How can humor help deliberation

Trust is one of the elements that construct deliberation. When people deliberate they have to trust each other motives in order to work together toward a common goal (Mutz, 2002). Therefore establishing trust between participants is an important element in every deliberative event.
When I have started to work with groups that have very high tension between the members, I usually noticed that no matter what I have done, the partisans turned toward each other pointing the misconducts of the other side. No agreement could be reached. Nice words couldn’t help to calm the tension. It was frustrating. But I didn’t give up. I tried in many ways, to help groups ease the tension more quickly. By trial and error, I have found that groups that contained humorous participants tended to dissolve the tension more quickly. The other parameter I have noticed that helped was the presence of a charismatic motherly female from one of the groups, which could calm the situation, and talked people to ease up the tension.
While preparing for my PhD, I discovered a paper from the late 60s that discovered the power of humor to ease things up. Singer discovered that hostile humor toward the other group reduced tension in the “attacking” group members (Singer, 1968).He also found that kind words, do not reduce the tension, neither neutral humor does. Singer didn’t check the influence of the humor on the receiving group, and it may be interesting check how the humor would have influence them.

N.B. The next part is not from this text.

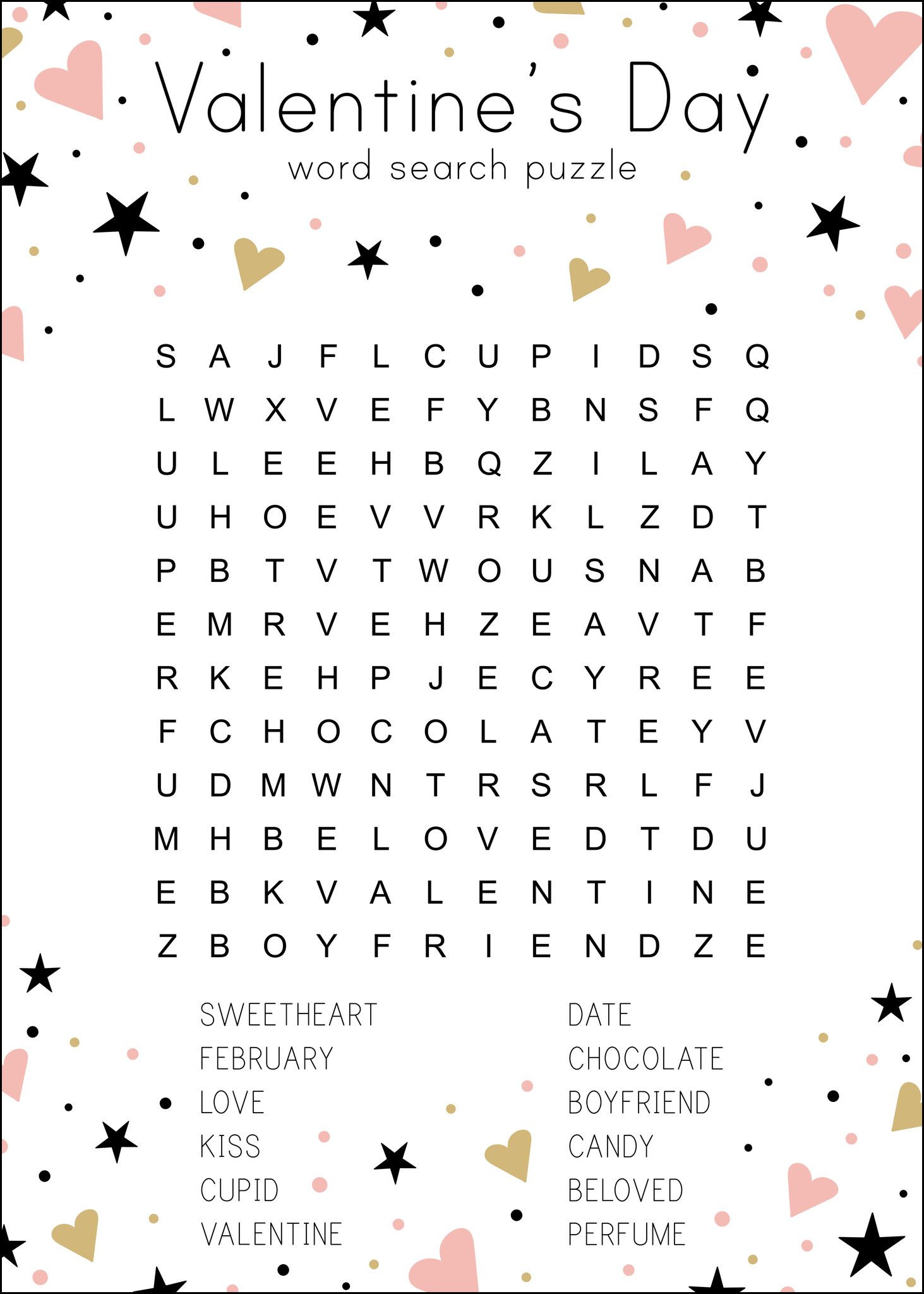 valentine's day holiday word search puzzle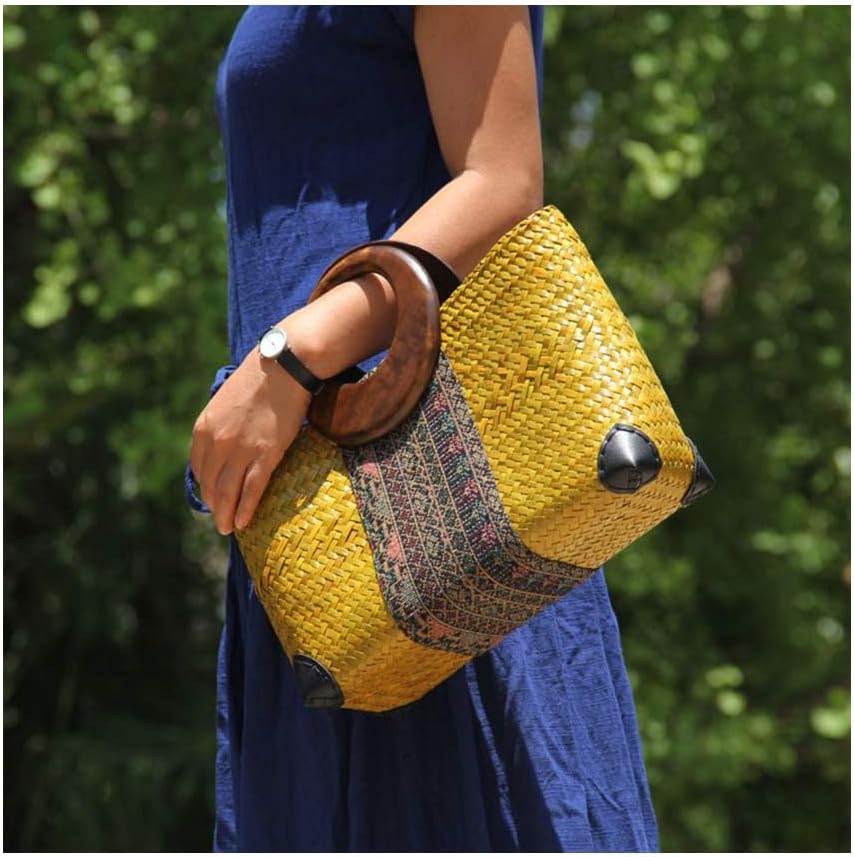 Women Summer Retro Straw Bag with Printing Pattern Hand-woven Beach Handbag Top Round Handle Boho Tote Bag Shopping Travel Large Bag (Yellow 2)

I tend to believe that humor can play an important role in deliberation, and can help people get in to PFC mode which is needed for good deliberation. It can help minorities reduce the tension towards the rolling majority, and help elevating trust and mutual understanding.
In one of the events I have participated, the evening started with a well preformed satire about the problems the deliberating society faced. It was very refreshing, and people could share the things that troubled them, in a much calm, manner.
What do you believe? What is your experience?

 

 

 

References
Mutz, D. C. (2002). Cross-cutting social networks: Testing democratic theory in practice. American Political Science Review, 96(01), 111–126.
Singer, D. L. (1968). Aggression arousal, hostile humor, catharsis. Journal of Personality and Social Psychology, 8(1p2), 1.